Exercise goal: Look below for the line containing "Used 2015 GMC", then write out that line and every line after it to the end, exactly, minus the pictures.
***
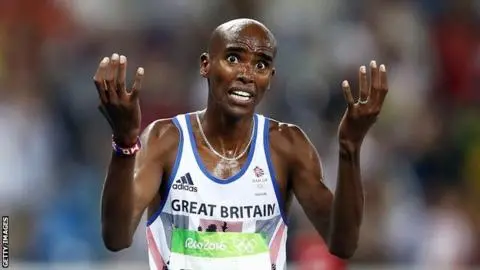 _93859274_mo_farah_1.webp
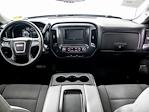 Used 2015 GMC Sierra 1500 Base Double Cab 4WD Pickup for sale #D24697A - photo 5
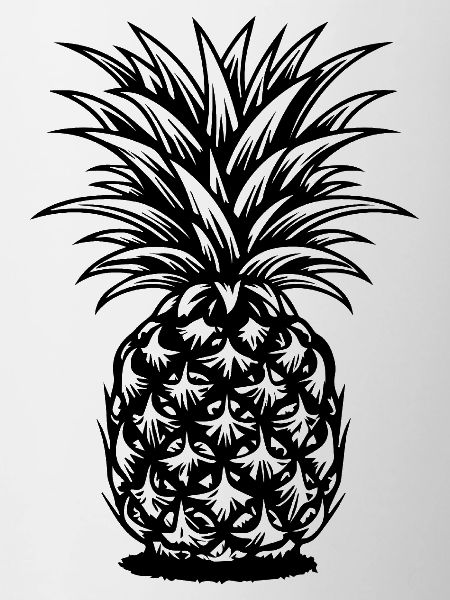 Ananas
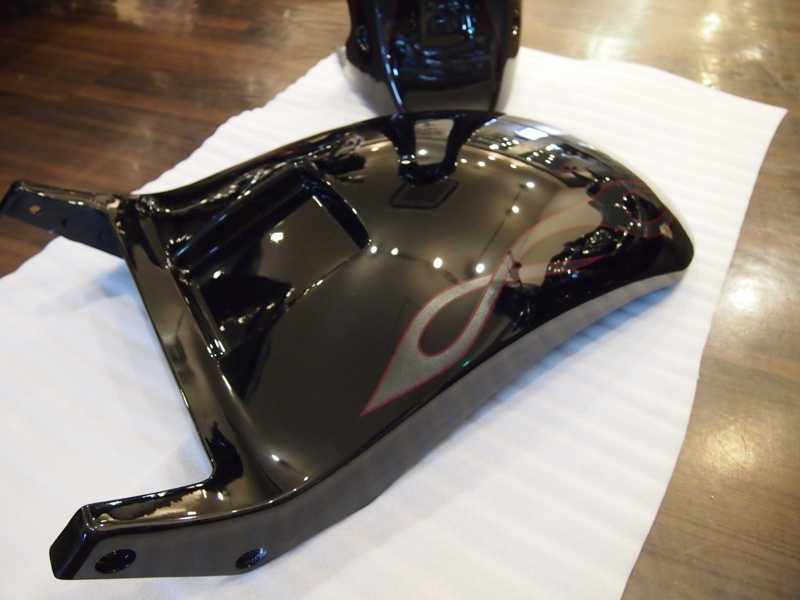 f:id:CHICS:20180313201953j:image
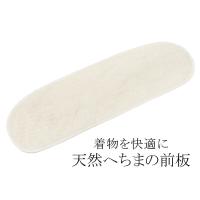 yahoo ショッピング yahoo japan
***
Problem solution:
 Used 2015 GMC Sierra 1500 Base Double Cab 4WD Pickup for sale #D24697A - photo 5
 Ananas
 f:id:CHICS:20180313201953j:image
 yahoo ショッピング yahoo japan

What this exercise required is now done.